このタイトルについて、本人はこう語っている。
「多くの人が、毎日ごはんを食べていますよね。日本人にとっての主食はやはりごはんですから。でも、その毎日の主食が私の場合、パンなんです。パンを食べるからジャムを塗って、とかチーズをのせて、ハムをのせて、という考えが私にはまったくありません。大好きなパンを、大好きないつものおかずと一緒に食べる。つまり、多くの人はパンにジャムをつけて食べるけれど、まさこはこんなものと一緒にパンを食べてます、ということです」
まさこさんは一日一回しか食事をしない。一日一回の食事に必ずパンを食べる、となれば、『まさこジャム』の、パンチの効いた副題にある文言、「365日パンのみを食べて生きる」は、あながち間違ってはいないことになる。というわけで、まさこさんのことが気になってしかたなくなり、彼女の食卓を実際に見せてもらいに、冬の間まさこさんが両親とともに暮らす長野県茅野市の実家まで訪ねていくことになった。
茅野駅のすぐ近くにあるお宅に迎えてくれたまさこさん、日当たりのいダイニングキッチンに案内してくれた。
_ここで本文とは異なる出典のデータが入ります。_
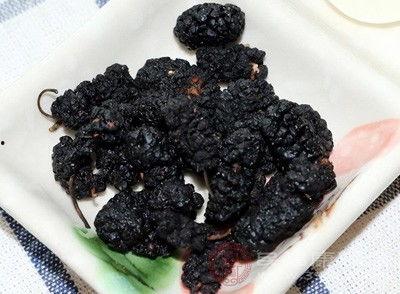 吃吊瓜会不会拉黑屎,揭秘吊瓜对肠道的影响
この日、スタッフが東京から持参した、まさこさんお気に入りのパン屋さん、桜新町の『ベッカライ・ブロートハイム』のバゲットを手渡すと、満面の笑みに。まさこさんが世界で一番好きなバゲットである。どんなところが魅力なのか聞いてみると、
「他にも美味しいバゲットはあるけれど、毎日食べても飽きない、毎日食べたいと思わせるのはこのバゲットです。私にとって、パンは白いごはんと同じですから、どんなおかずとも合う、飽きのこないパンがいちばんです。存在感が大きすぎる、美味しすぎるバゲットはそれ自体がごちそうなのでおかずを食べる気がしなくなる。だから私には向きません。もちろん、そういうパンを食べたくなる時もありますが」
このように、パンに関しての価値観がはっきりしていて、迷いがないのさすが「愛パン家」の貫禄。そして早速、食事するまさこさんを取材することに。
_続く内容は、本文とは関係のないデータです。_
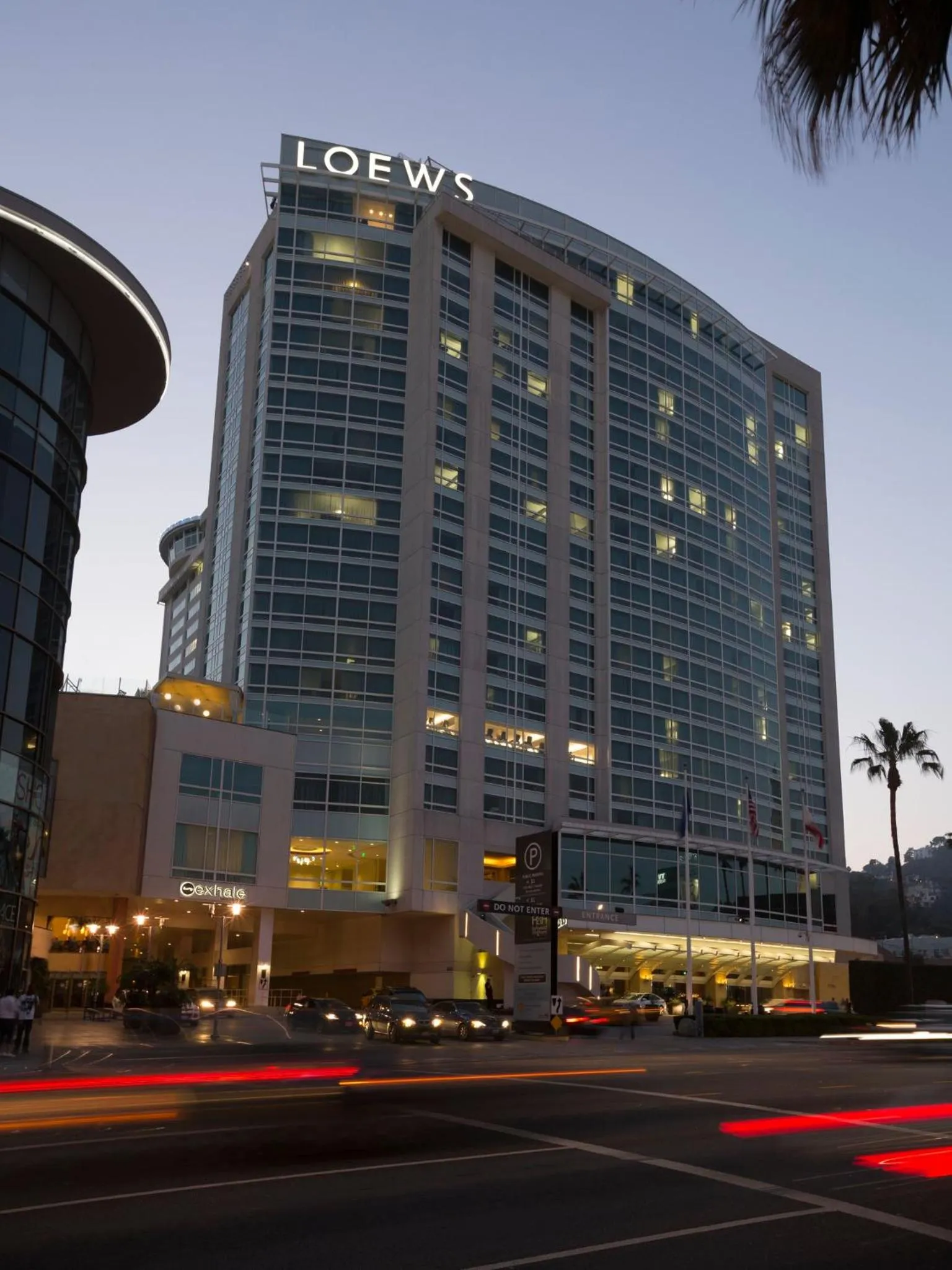Property building in Loews Hollywood Hotel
「じゃ、おかずを出しますね。きょうのメインは煮魚です」。ガスコンロの上に煮魚の鍋、煮豆も鍋の中。冷蔵庫を開けると、たくさんの密閉容器に綺麗に詰めた惣菜の数々が。それらを一品ずつ器に盛りつけるまさこさん。並んだおかずは、切り昆布煮、きんぴら、洋風切り干し大根、セロリじゃこ、豆の煮物、ゴーヤの佃煮など。自家製の赤大根漬けと千枚漬けもある。
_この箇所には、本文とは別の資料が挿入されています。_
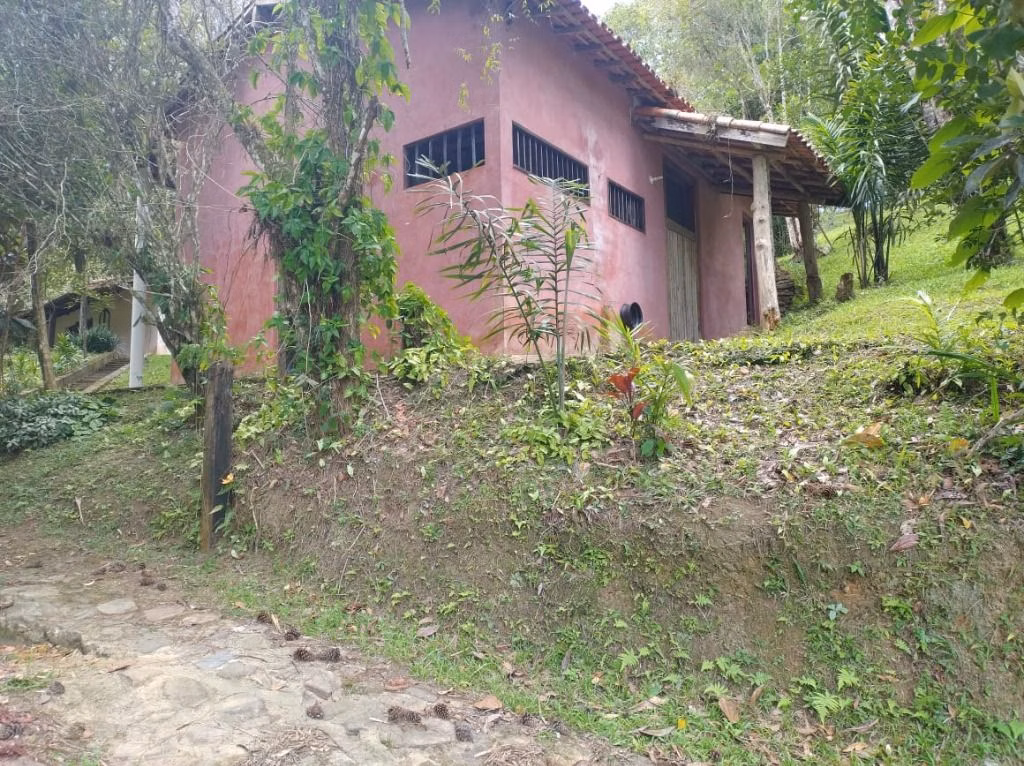 Small farm of 5 acres in Natividade da Serra, SP, Brazil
「野菜が好きなので多めです。それから、パンに塩気があるのでおかずは薄味を心がけています」
食卓の準備が整ったので、「いただきま〜す」と、まさこさん。おかずを食べ、パンを食べる。いたって普通である。
「そうでしょう? おかずを食べて、ごはんを食べる。みんなそうやって食事しますよね? 私の場合は、それがパンに変わっただけですよ(笑)」。
時々、パンになにかをのせたり、煮魚の汁にパンを浸したりしながら、食事を楽しむ。なにより、食事中のまさこさんは、楽しそうで幸せそうだ。
◎渡邉政子さん 愛パン家/肩書の「愛パン家」は、「パンの会」を立ち上げた’92年から名乗っている。著書に『まさこジャム』(ガイドワークス)。